** Information supplied follows **
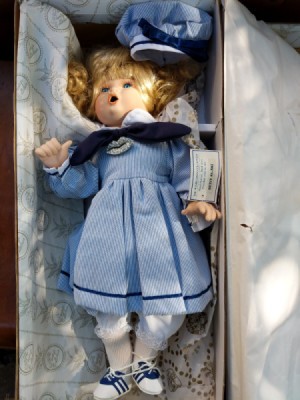 Information on a Wimbledon
 Collection Betsy Doll - doll wearing a blue dress with saddle shoes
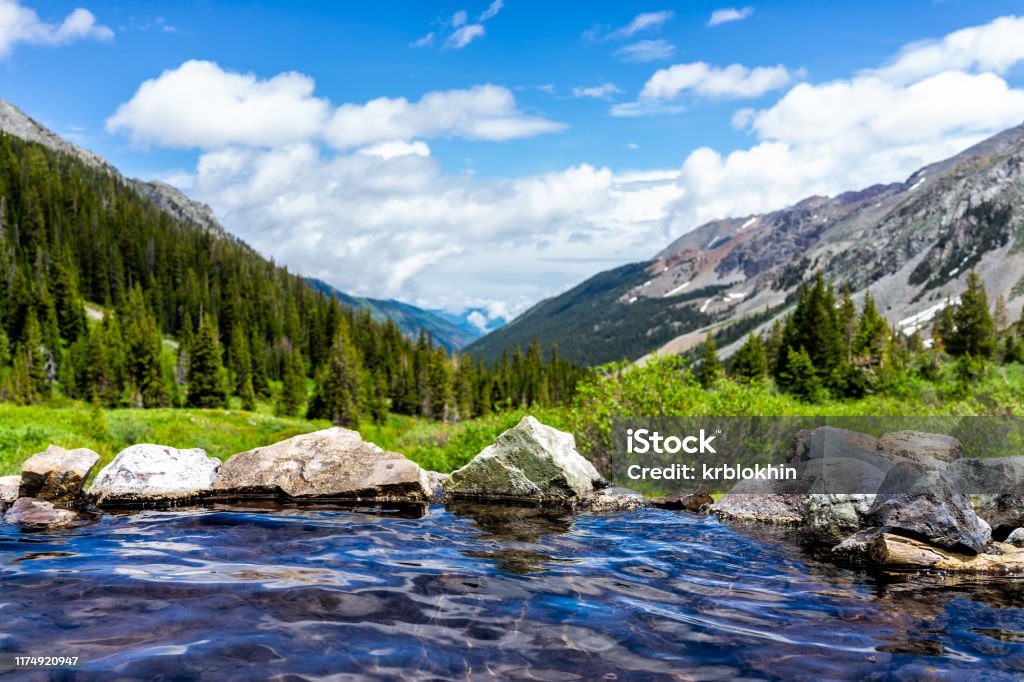 Hot springs blue pool on Conundrum Creek Trail in Aspen, Colorado in 2019 summer with rocks stones and valley view with nobody Colorado Stock Photo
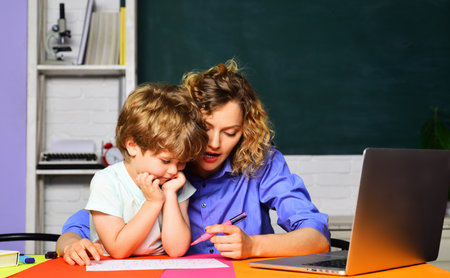 Female elementary school teacher helping cute schoolboy with homework. Knowledge, education and learning. Primary school pupil and private tutor working together at table in classroom. Back to schoolの写真素材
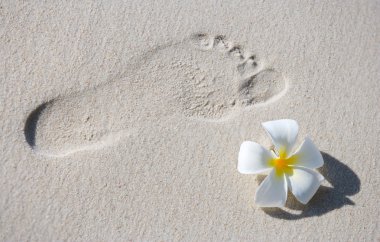 Footprint on white sand clipart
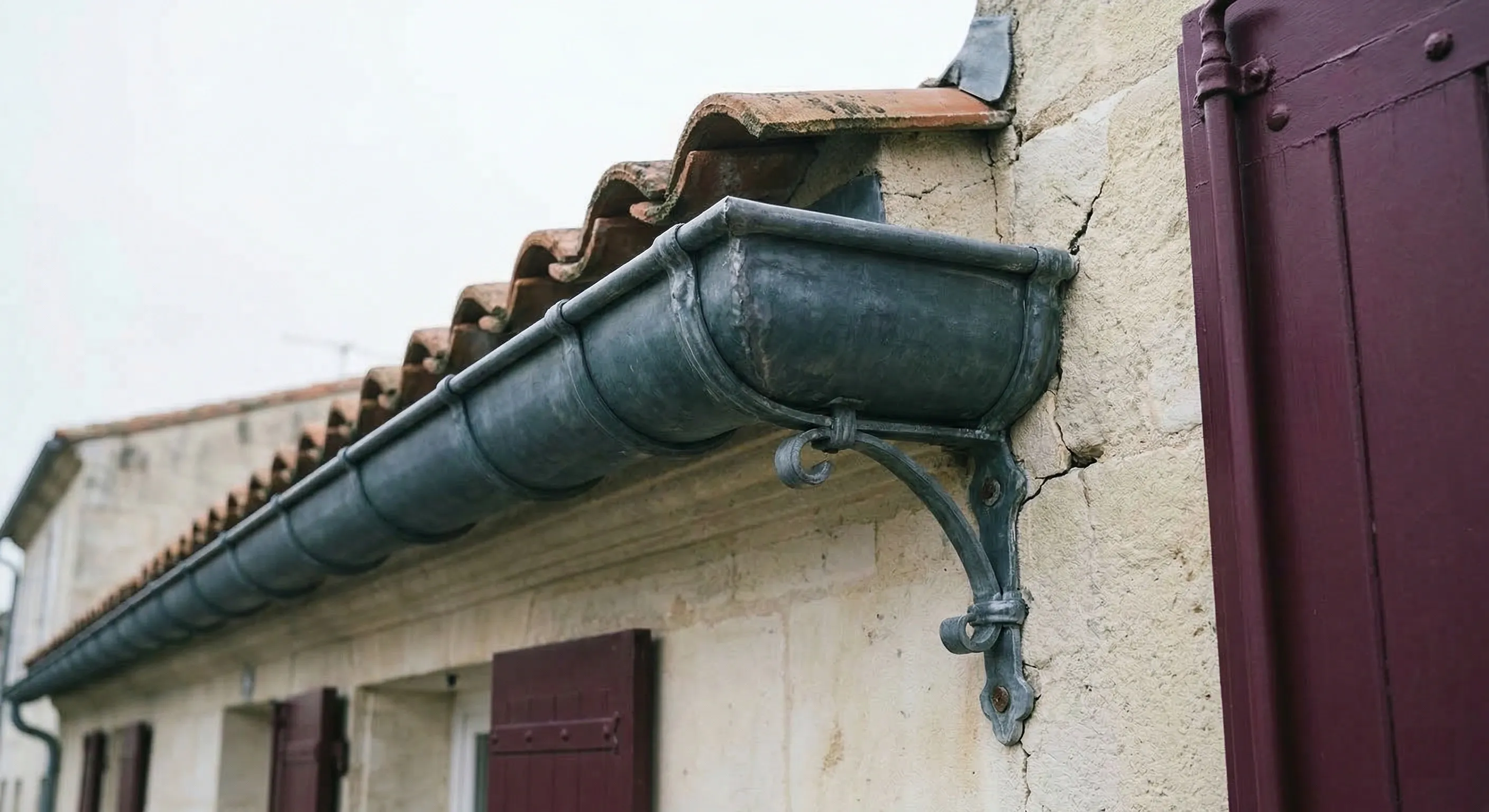 Gouttière moulurée nantaise en zinc sur une échoppe bordelaise à façade en pierre, rouleau décoratif et crochet ouvragé visibles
** End of Information supplied **
-- Aim of the task --
Copy out all the data without changing anything, and drop the pictures.

-- Written reply --
 Information on a Wimbledon
 Collection Betsy Doll - doll wearing a blue dress with saddle shoes
 Hot springs blue pool on Conundrum Creek Trail in Aspen, Colorado in 2019 summer with rocks stones and valley view with nobody Colorado Stock Photo
 Female elementary school teacher helping cute schoolboy with homework. Knowledge, education and learning. Primary school pupil and private tutor working together at table in classroom. Back to schoolの写真素材
 Footprint on white sand clipart
 Gouttière moulurée nantaise en zinc sur une échoppe bordelaise à façade en pierre, rouleau décoratif et crochet ouvragé visibles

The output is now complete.